I always run the wires thru the wall/ceiling to a separate out of sight spot for the equipment. I have on HDMI run thats about 40' (had to use a 50' HDMI cable from MonoPrice for that one). MonoPrice suggested a repeater for such a long run, and since I needed a switch too, I bought their 5x1 powered switch with repeater. No HDMI issues whatsoever (but I did check the cable before, during, and after fishing it to the TV). Also ran a bunch of extra wires just in case the HDMI cable didnt work out (component, 2 sets of RCA audio, svideo and one CAT5 which could be used for audio if need be).
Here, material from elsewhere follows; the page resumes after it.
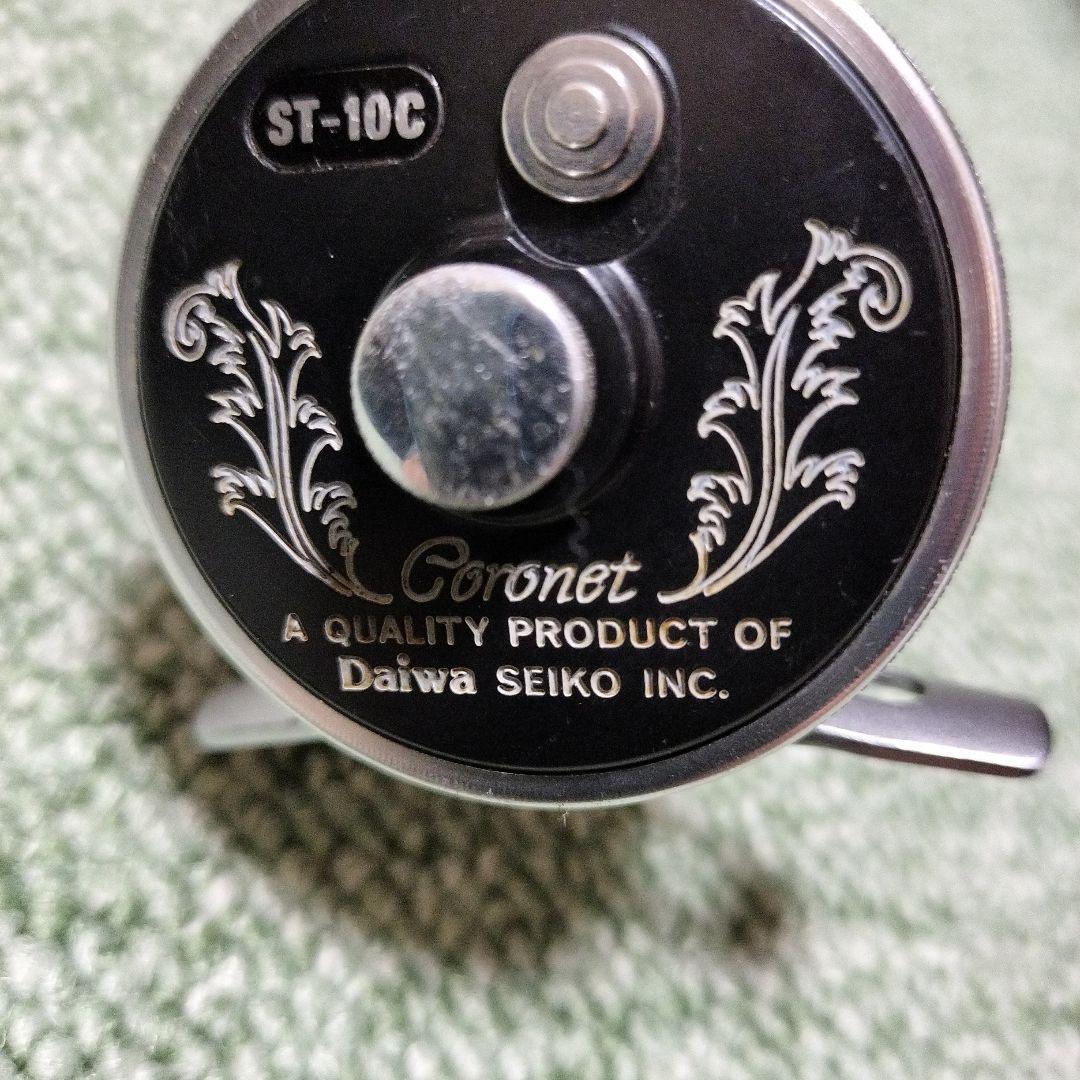 【リール】Daiwa Coronet ST-10C：出品27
Coupled all of this with a HomeTheaterPro+ remote, with RF base so I can be wherever I want and control the TV.

It was a lot of work, but it was well worth it, if not just for the "where is all your equipment?" from everyone that sees the TVs.

-Chris


----------



## Fish Man (Apr 22, 2002)

The HR20-100 in my bedroom is sitting on one of these, mounted just below the wall mounted LCD TV:

http://www.partsexpress.com/pe/showdetl.cfm?Partnumber=185-532










The link above is one source. They sell these things at a lot of web retailers as well as B&M stores.


----------



## mceevans (Jul 16, 2007)

I ran the new Rapid Run cables from Cables to Go and used the Componet cable option. I ran 50ft from the basement to the living room and then used the Remote Extender that Weeknees.com sells. IT WORKS GREAT!


----------